**Records for the exercise:**
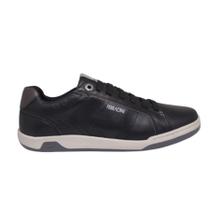 Sapato masculino ferracini lexus 267a preto Sapato masculino ferracini lexus 267a preto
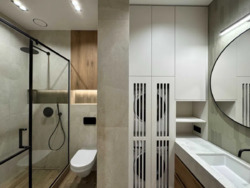 ������� �������� ������� �����������, 32-�, ���, ����������� ���� 21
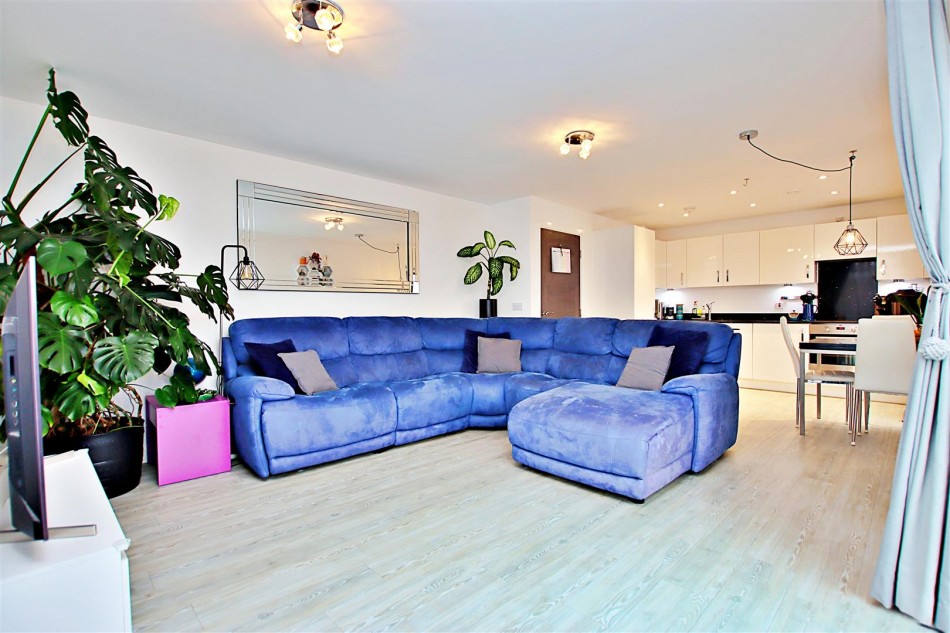 Images for Darwin House,Holmesley Road, Borehamwood EAID:SIMMONSESTAPI BID:1
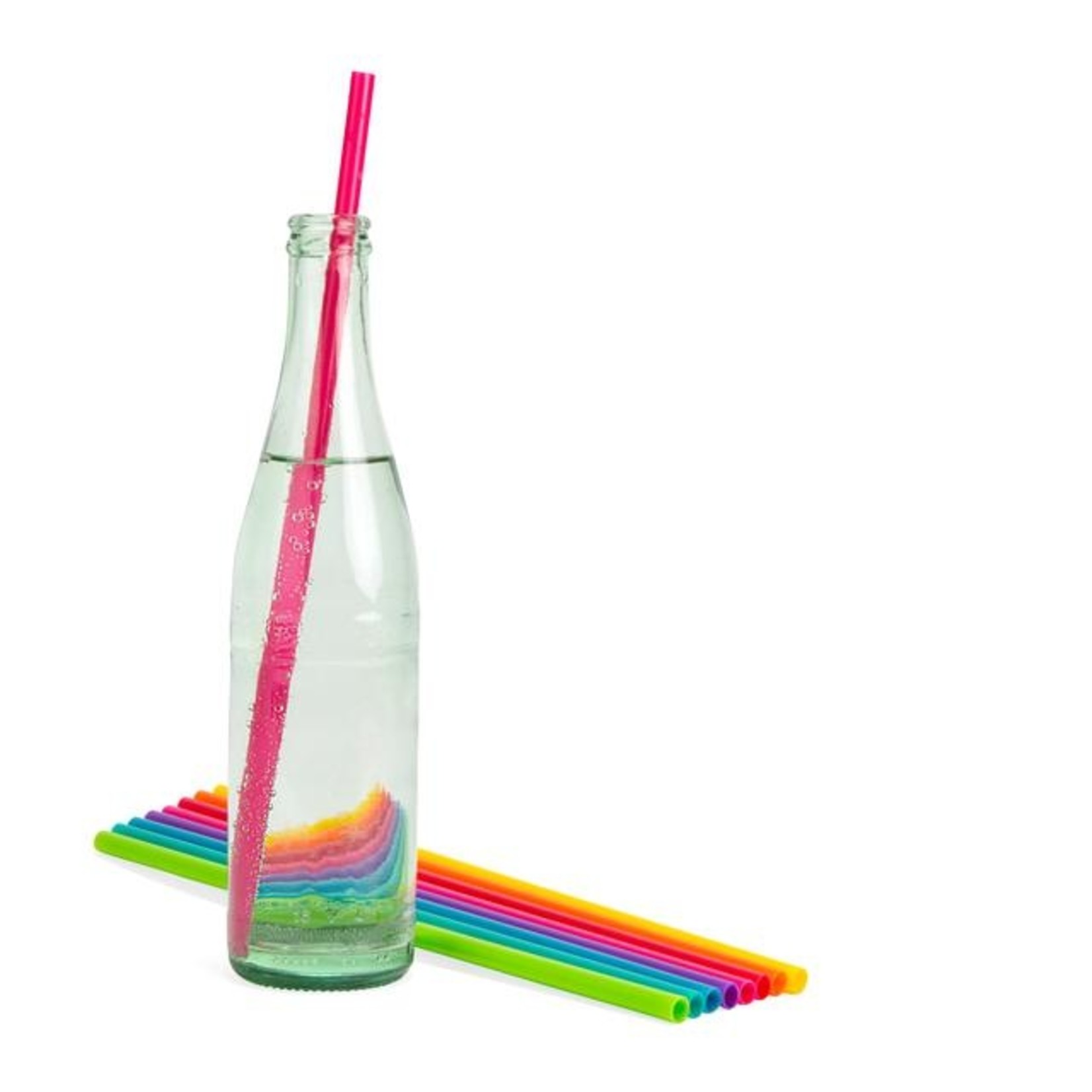 https://cdn.shoplightspeed.com/shops/613246/files/39876593/1652x1652x2/kikkerland-11-bright-color-reusable-straws.jpg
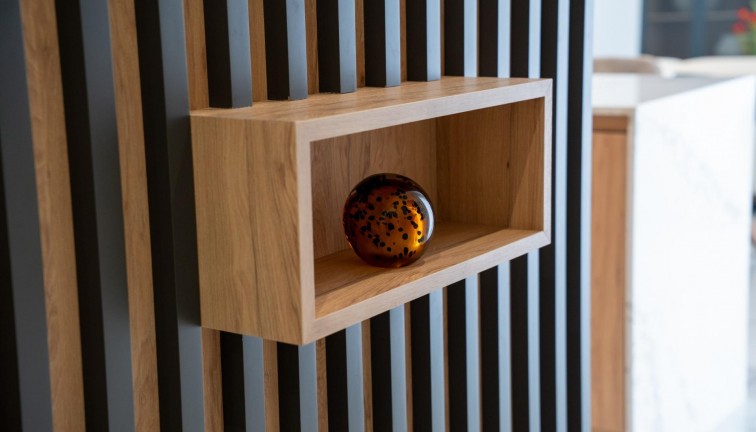 Nybyggen - Fristående hus - Ciudad quesada - Ciudad Quesada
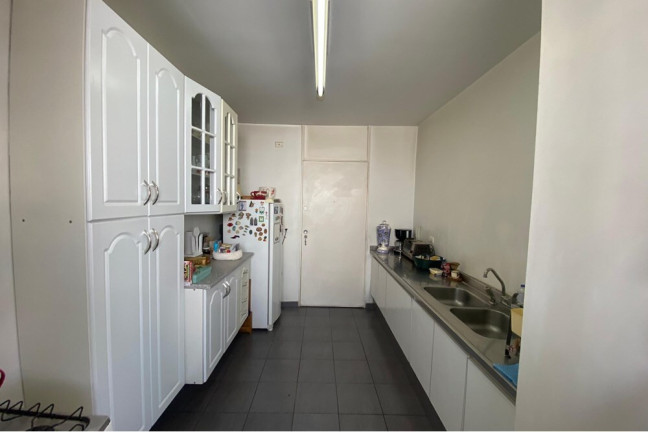Imagem Apartamento com 2 Quartos à Venda, 95 m² em Campo Belo - São Paulo Imagem Apartamento com 2 Quartos à Venda, 95 m² em Campo Belo - São Paulo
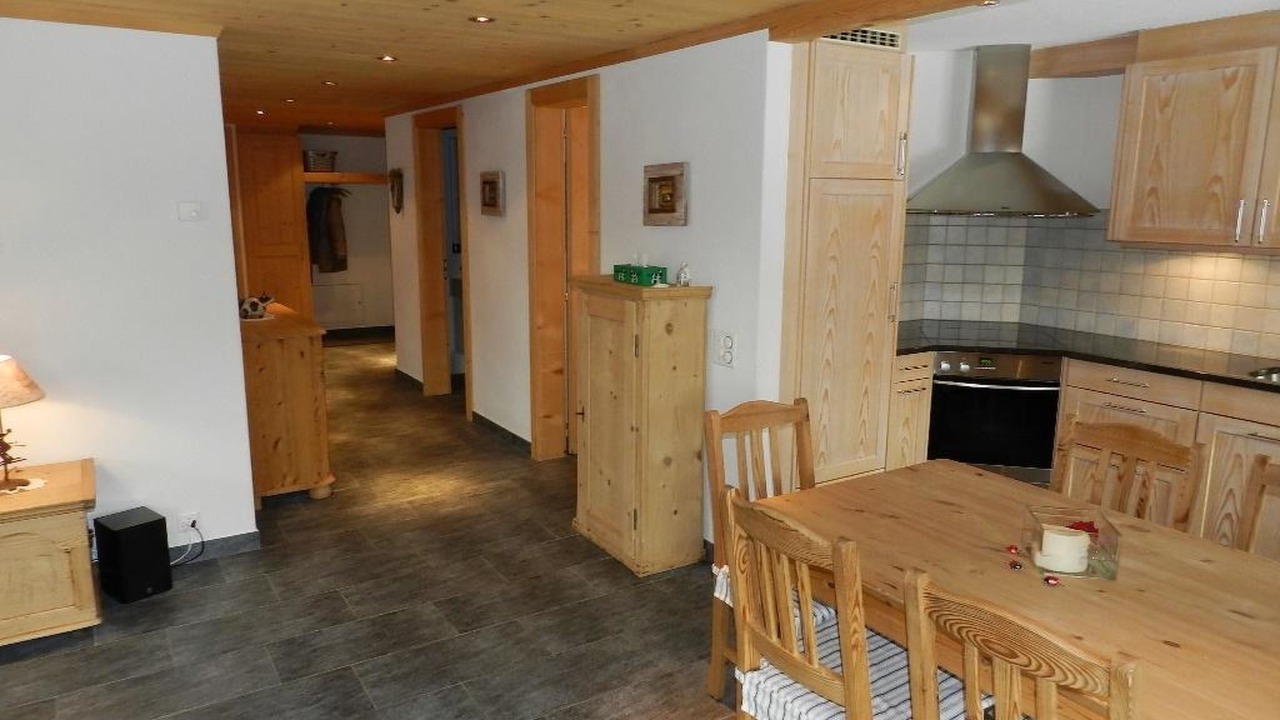 Photo of Others in Saanen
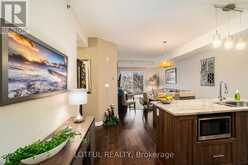 417 - 120 PRESTIGE CIRCLE Ottawa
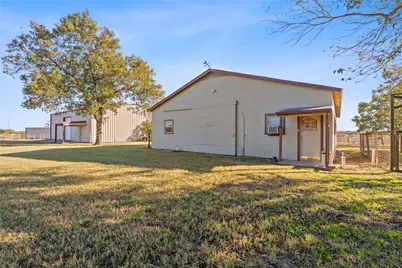 400 County Road 483, Taylor, TX 76574 - Photo 21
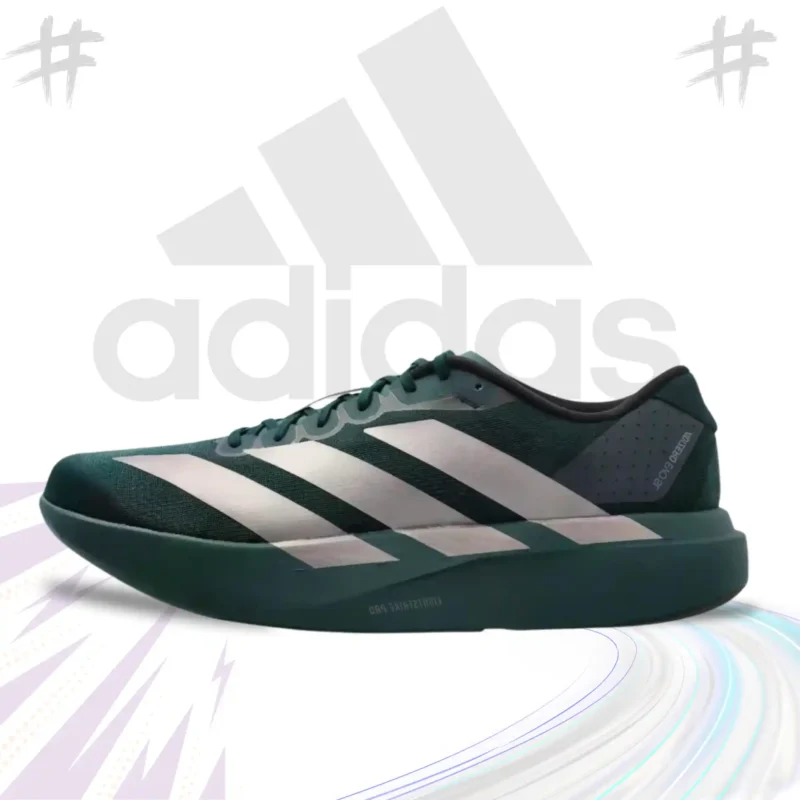 Adidas Adizero Evo Sl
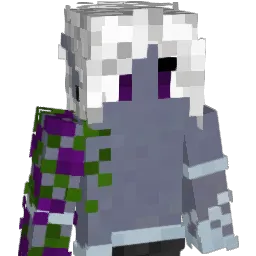 Drimlin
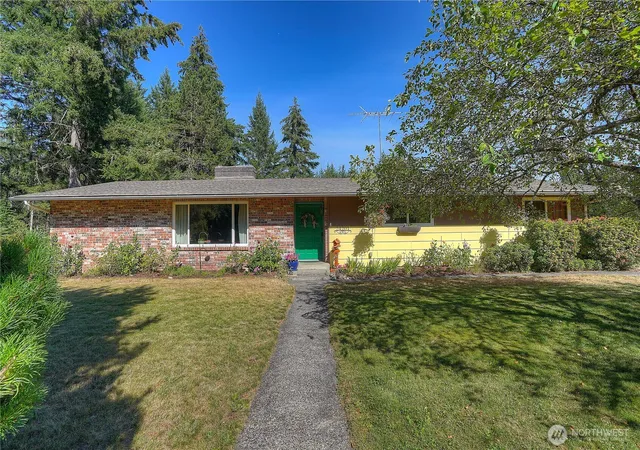 Photo 1 of Sale Pending at 24201 42nd Avenue E, Spanaway, WA 98387 | MLS# NWM2565322 | Listing updated on 2026-09-25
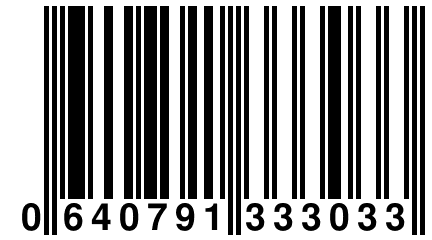 0 640791 333033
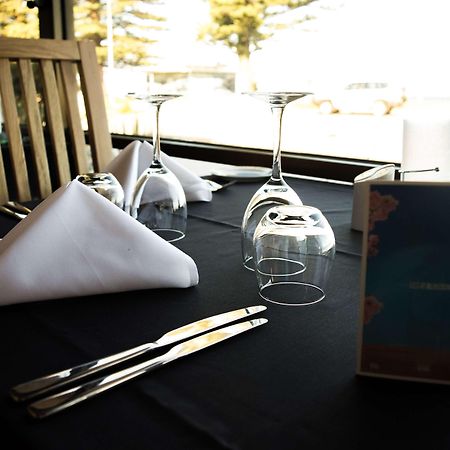 Hospitality Esperance Surestay Collection By Best Western (Adults Only) Eksteriør bilde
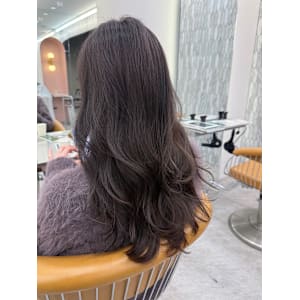 Lond blanche 錦糸町北口×スタイル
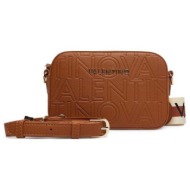 τσάντες ώμου valentino bags tascapane pansy |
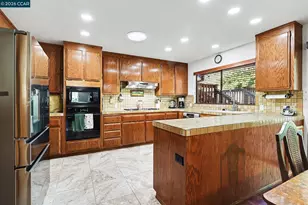 165 Travalini Ct, El Sobrante, CA 94803 - Photo 15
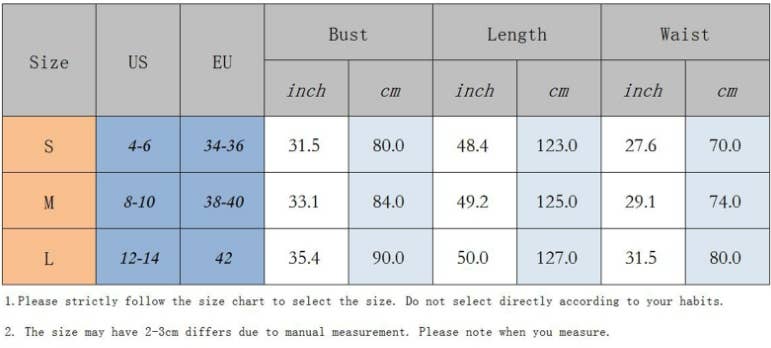 CWDMD5985_FLORAL PRINT SPAGHETTI STRAP MAXI DRESS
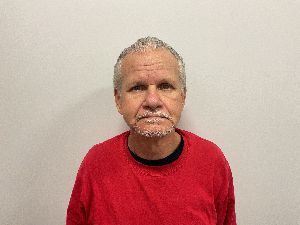 Photo of LHOMMEDIEU, WILLIAM VINCENT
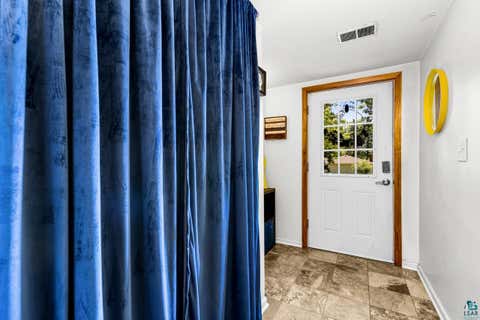 Tiny photo for 4119 Pitt St, Duluth, MN 55804 (MLS # 6126884)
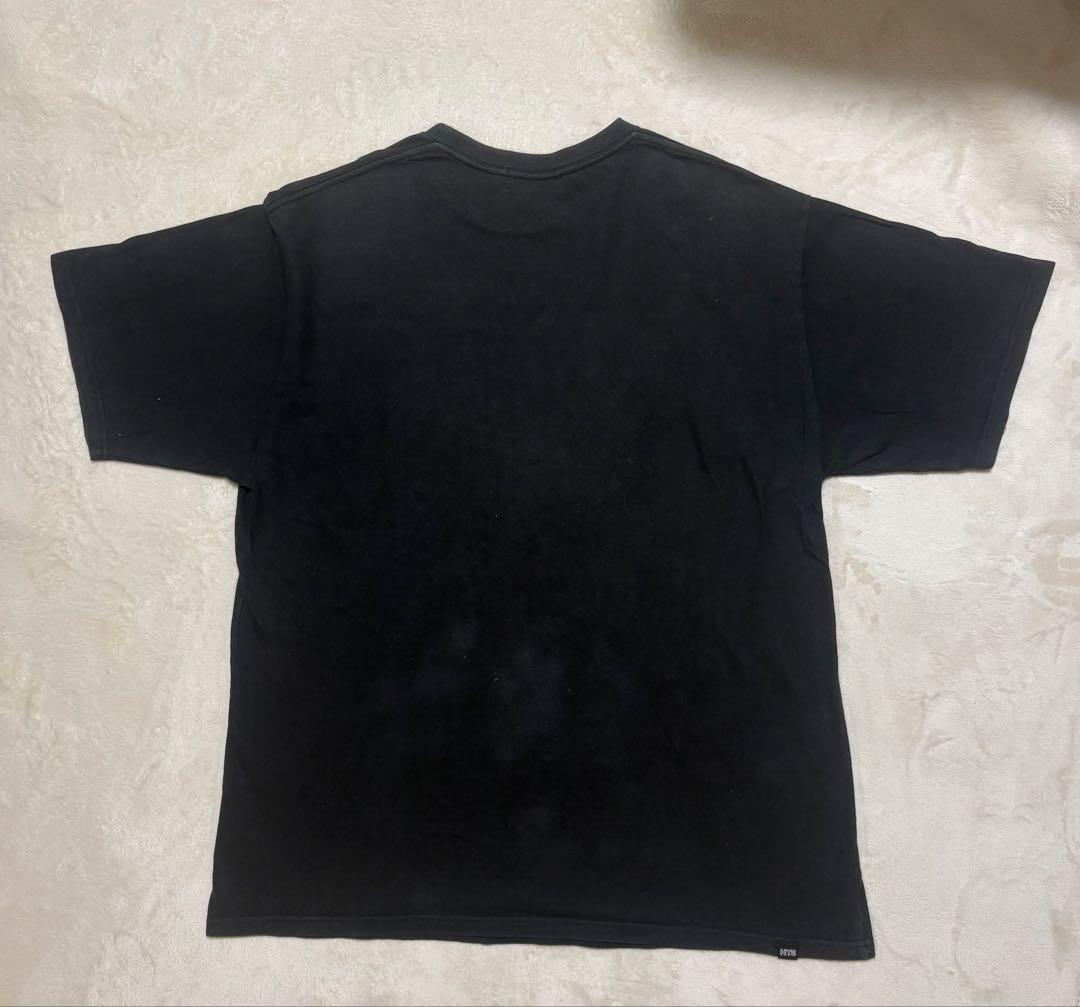 としみつ着用】HYSTERIC GLAMOUR XL Tシャツ - メルカリ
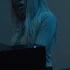 Ava Max Sweet But Psycho Acoustic Official Performance Video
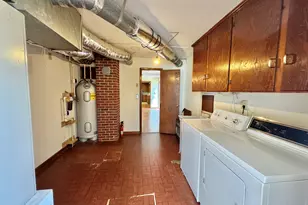 1760 Fears Rd, Rutledge, GA 30663 - Photo 28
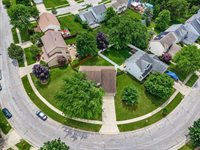 7345 Oakmeadows Drive, Columbus, OH 43085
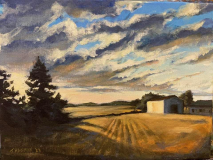 sold-2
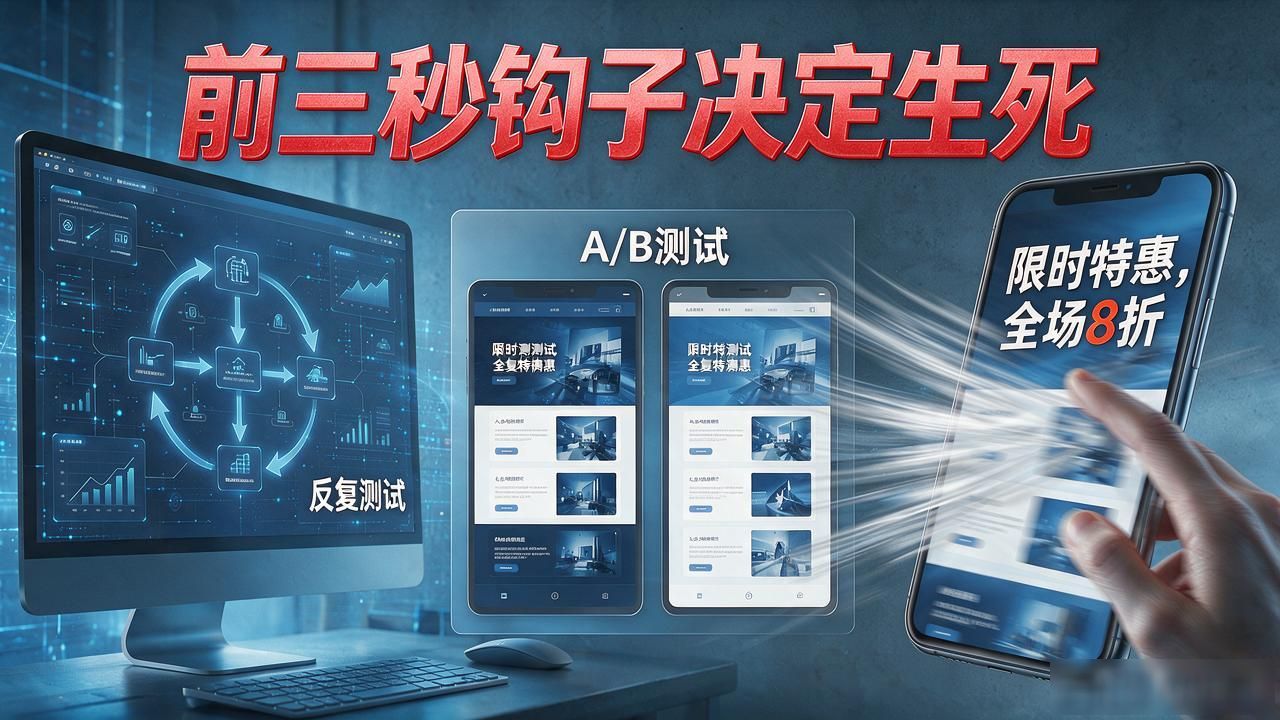 数字货币拓户工作到底怎么干?一个一线运营3年的实战踩坑总结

**Problem details:**
Leave the pictures out. Otherwise, output the listing above exactly.

**Completed exercise:**
 Sapato masculino ferracini lexus 267a preto Sapato masculino ferracini lexus 267a preto
 ������� �������� ������� �����������, 32-�, ���, ����������� ���� 21
 Images for Darwin House,Holmesley Road, Borehamwood EAID:SIMMONSESTAPI BID:1
 https://cdn.shoplightspeed.com/shops/613246/files/39876593/1652x1652x2/kikkerland-11-bright-color-reusable-straws.jpg
 Nybyggen - Fristående hus - Ciudad quesada - Ciudad Quesada
Imagem Apartamento com 2 Quartos à Venda, 95 m² em Campo Belo - São Paulo Imagem Apartamento com 2 Quartos à Venda, 95 m² em Campo Belo - São Paulo
 Photo of Others in Saanen
 417 - 120 PRESTIGE CIRCLE Ottawa
 400 County Road 483, Taylor, TX 76574 - Photo 21
 Adidas Adizero Evo Sl
 Drimlin
 Photo 1 of Sale Pending at 24201 42nd Avenue E, Spanaway, WA 98387 | MLS# NWM2565322 | Listing updated on 2026-09-25
 0 640791 333033
 Hospitality Esperance Surestay Collection By Best Western (Adults Only) Eksteriør bilde
 Lond blanche 錦糸町北口×スタイル
 τσάντες ώμου valentino bags tascapane pansy |
 165 Travalini Ct, El Sobrante, CA 94803 - Photo 15
 CWDMD5985_FLORAL PRINT SPAGHETTI STRAP MAXI DRESS
 Photo of LHOMMEDIEU, WILLIAM VINCENT
 Tiny photo for 4119 Pitt St, Duluth, MN 55804 (MLS # 6126884)
 としみつ着用】HYSTERIC GLAMOUR XL Tシャツ - メルカリ
 Ava Max Sweet But Psycho Acoustic Official Performance Video
 1760 Fears Rd, Rutledge, GA 30663 - Photo 28
 7345 Oakmeadows Drive, Columbus, OH 43085
 sold-2
 数字货币拓户工作到底怎么干?一个一线运营3年的实战踩坑总结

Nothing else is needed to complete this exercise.